From the first line to the last, transcribe the data exactly and skip the pictures.

Exercise data ▸
BEGIN

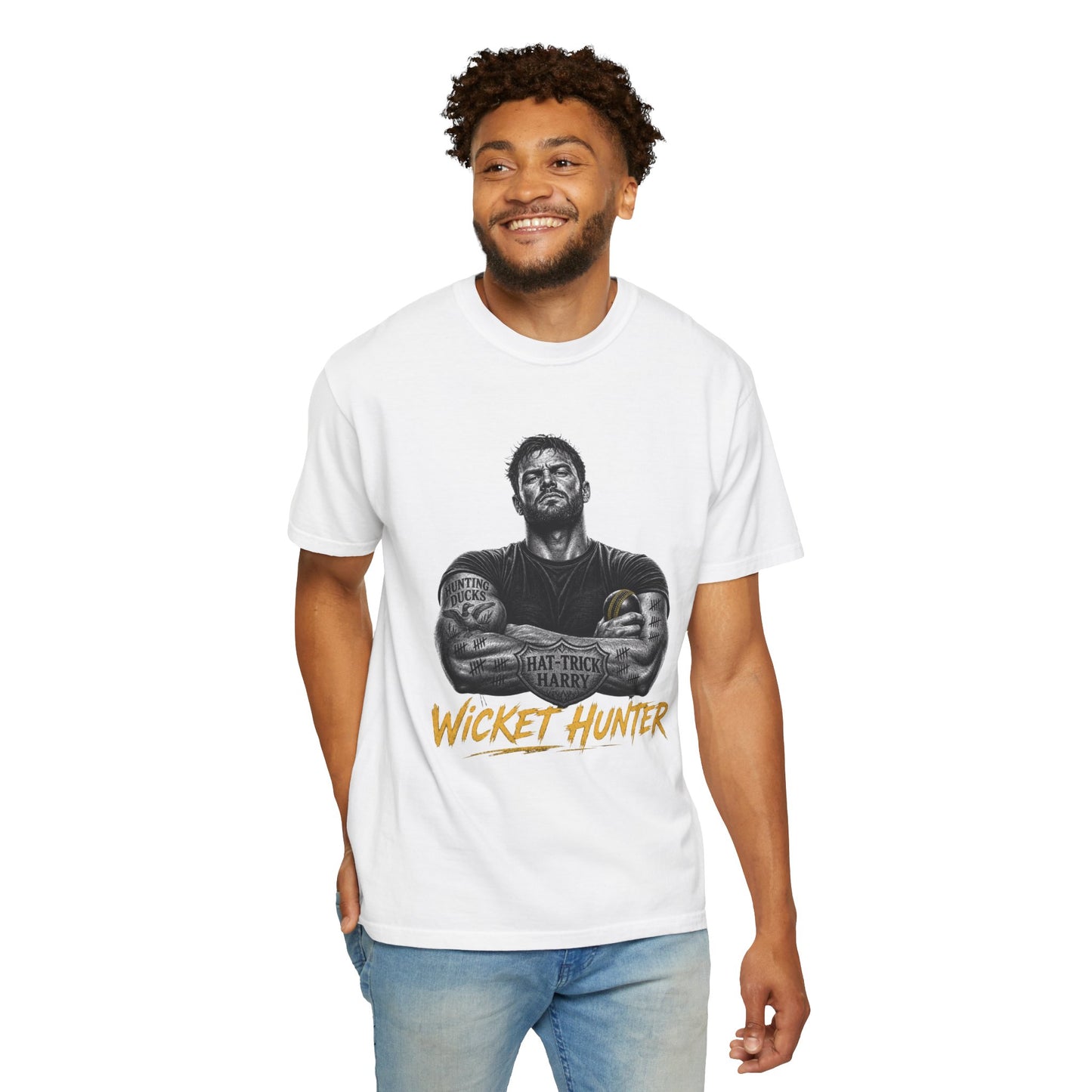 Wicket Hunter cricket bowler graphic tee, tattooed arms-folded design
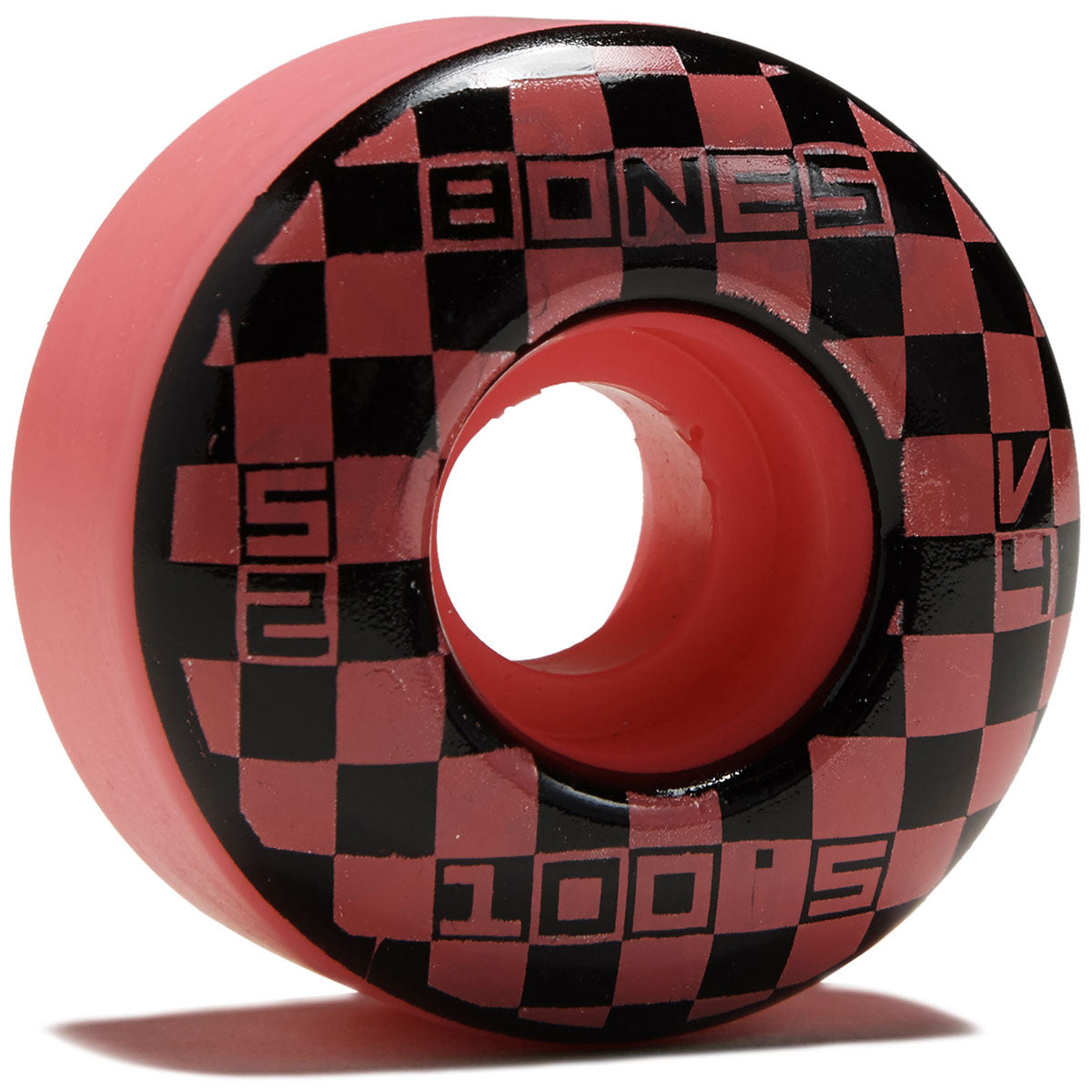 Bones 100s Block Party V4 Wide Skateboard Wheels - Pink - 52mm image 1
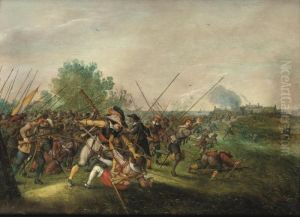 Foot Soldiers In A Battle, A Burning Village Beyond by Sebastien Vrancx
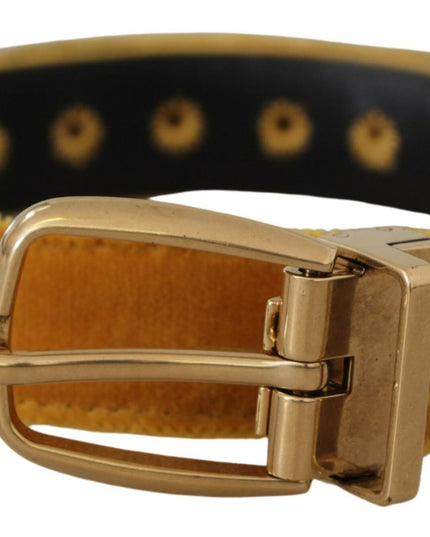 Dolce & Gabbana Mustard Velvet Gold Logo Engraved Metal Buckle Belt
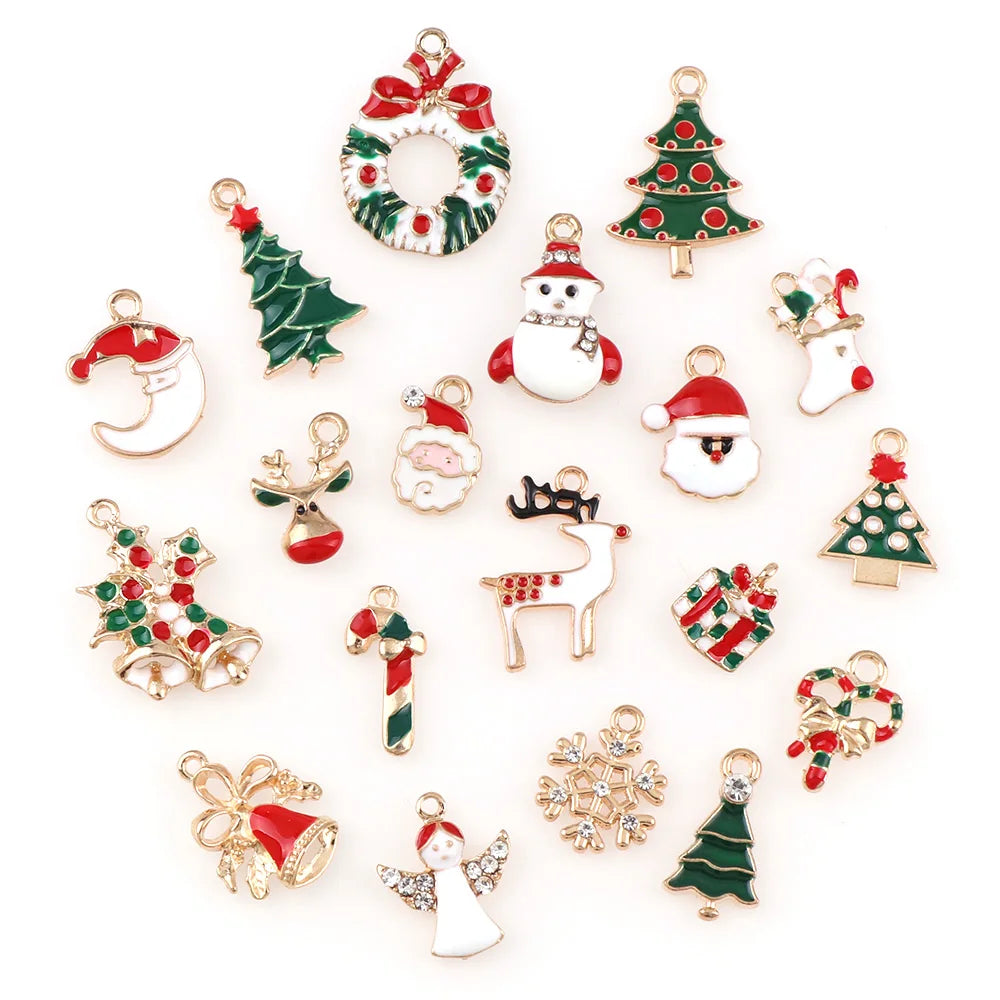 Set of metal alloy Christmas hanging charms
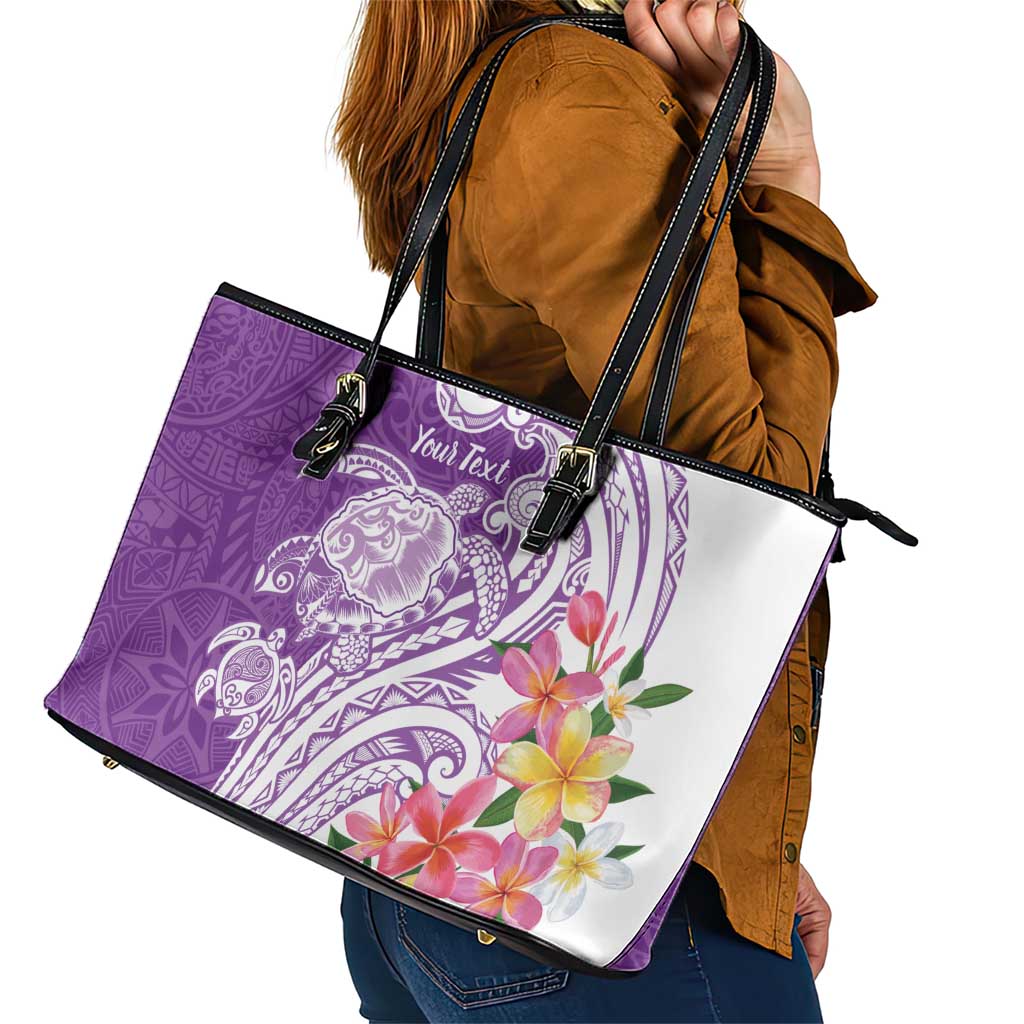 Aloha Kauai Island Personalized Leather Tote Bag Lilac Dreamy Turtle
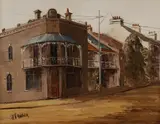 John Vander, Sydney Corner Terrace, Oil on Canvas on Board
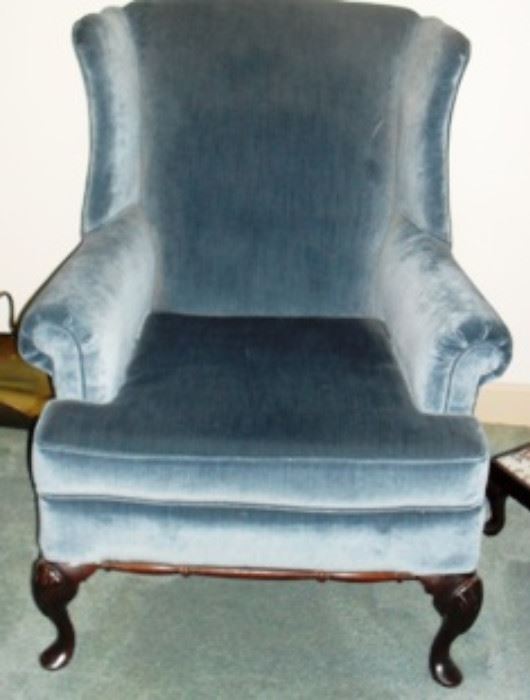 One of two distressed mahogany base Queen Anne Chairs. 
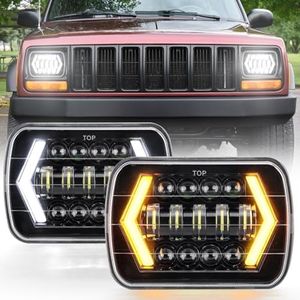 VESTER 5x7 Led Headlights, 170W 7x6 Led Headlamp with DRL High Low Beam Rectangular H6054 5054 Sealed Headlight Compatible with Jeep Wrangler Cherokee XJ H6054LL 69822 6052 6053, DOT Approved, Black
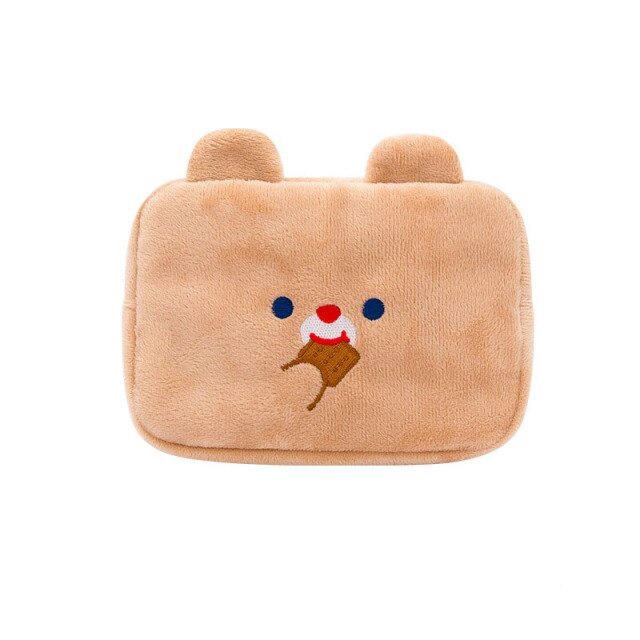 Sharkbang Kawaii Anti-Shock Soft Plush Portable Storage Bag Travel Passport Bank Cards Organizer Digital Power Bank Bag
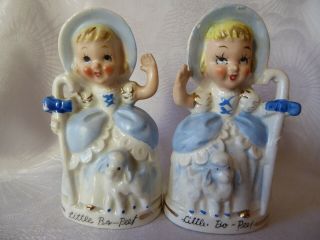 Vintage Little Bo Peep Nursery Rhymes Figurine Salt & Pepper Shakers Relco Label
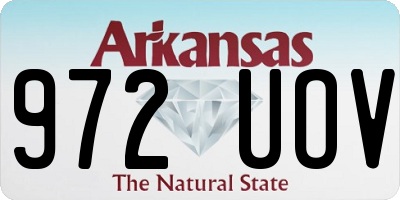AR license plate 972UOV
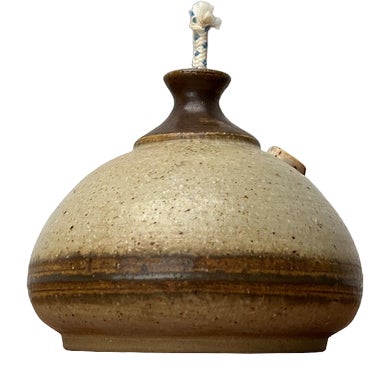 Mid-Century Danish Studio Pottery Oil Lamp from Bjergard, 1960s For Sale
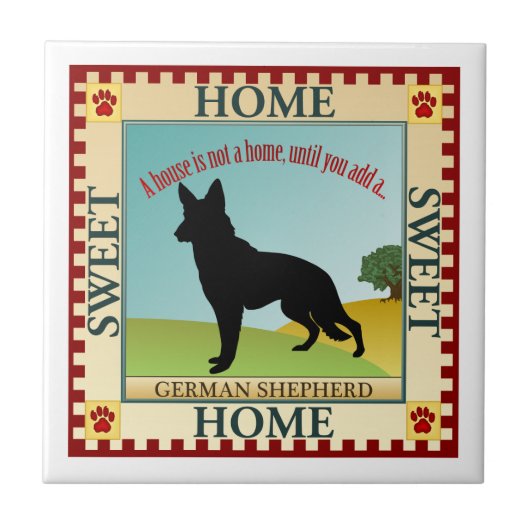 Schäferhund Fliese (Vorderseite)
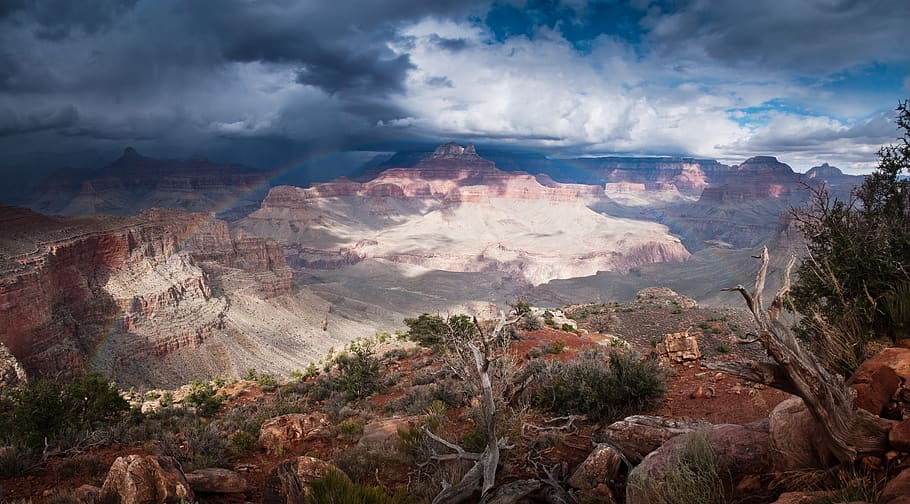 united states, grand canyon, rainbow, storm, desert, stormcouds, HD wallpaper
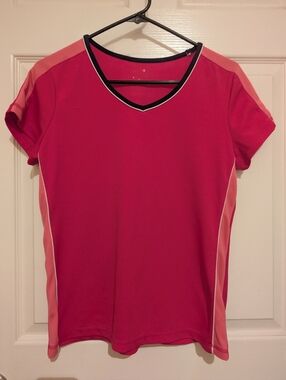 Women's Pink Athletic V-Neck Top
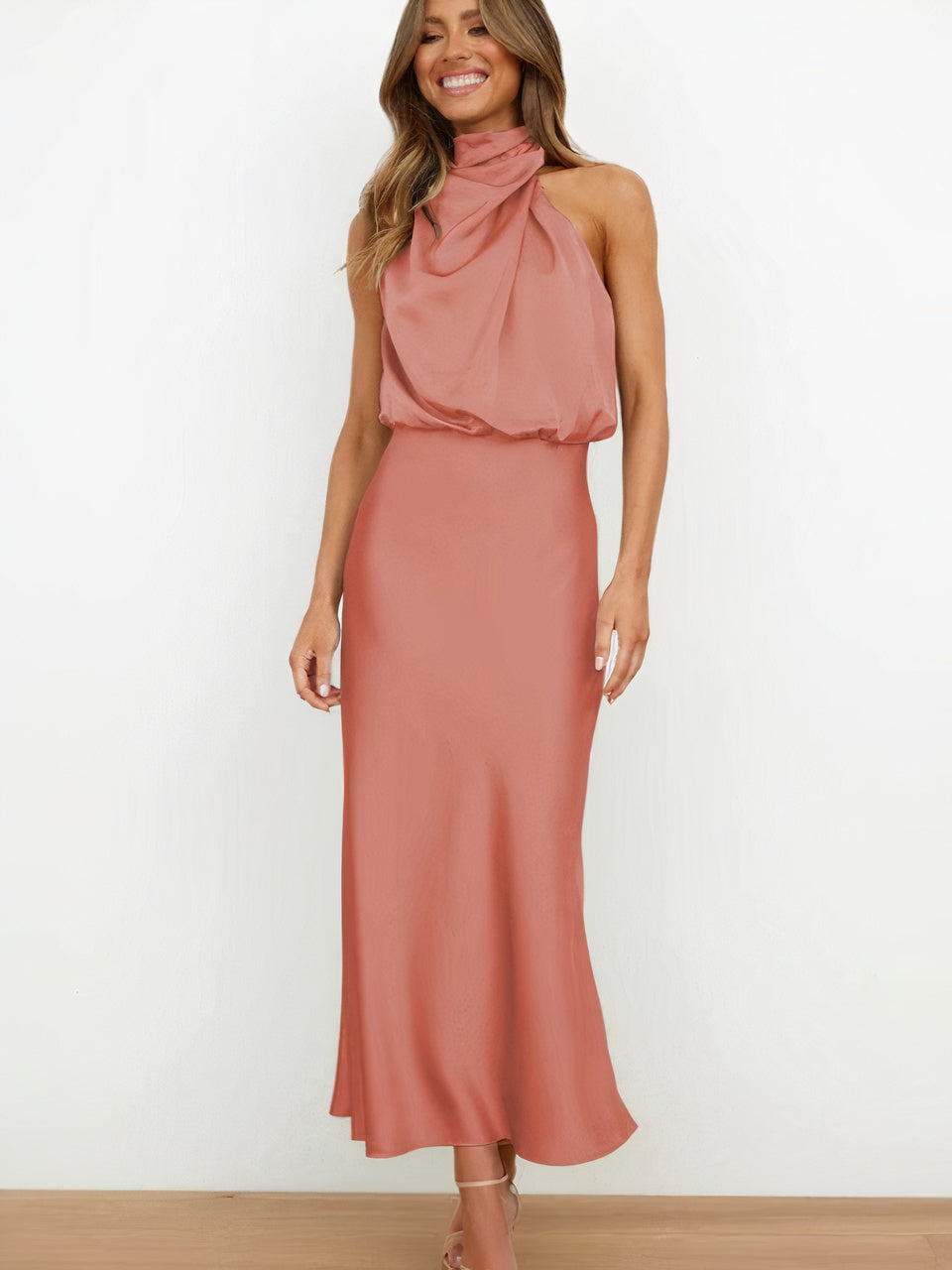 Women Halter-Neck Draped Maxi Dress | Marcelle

END

Exercise solution ▸
 Wicket Hunter cricket bowler graphic tee, tattooed arms-folded design
 Bones 100s Block Party V4 Wide Skateboard Wheels - Pink - 52mm image 1
 Foot Soldiers In A Battle, A Burning Village Beyond by Sebastien Vrancx
 Dolce & Gabbana Mustard Velvet Gold Logo Engraved Metal Buckle Belt
 Set of metal alloy Christmas hanging charms
 Aloha Kauai Island Personalized Leather Tote Bag Lilac Dreamy Turtle
 John Vander, Sydney Corner Terrace, Oil on Canvas on Board
 One of two distressed mahogany base Queen Anne Chairs. 
 VESTER 5x7 Led Headlights, 170W 7x6 Led Headlamp with DRL High Low Beam Rectangular H6054 5054 Sealed Headlight Compatible with Jeep Wrangler Cherokee XJ H6054LL 69822 6052 6053, DOT Approved, Black
 Sharkbang Kawaii Anti-Shock Soft Plush Portable Storage Bag Travel Passport Bank Cards Organizer Digital Power Bank Bag
 Vintage Little Bo Peep Nursery Rhymes Figurine Salt & Pepper Shakers Relco Label
AR license plate 972UOV
 Mid-Century Danish Studio Pottery Oil Lamp from Bjergard, 1960s For Sale
 Schäferhund Fliese (Vorderseite)
 united states, grand canyon, rainbow, storm, desert, stormcouds, HD wallpaper
 Women's Pink Athletic V-Neck Top
 Women Halter-Neck Draped Maxi Dress | Marcelle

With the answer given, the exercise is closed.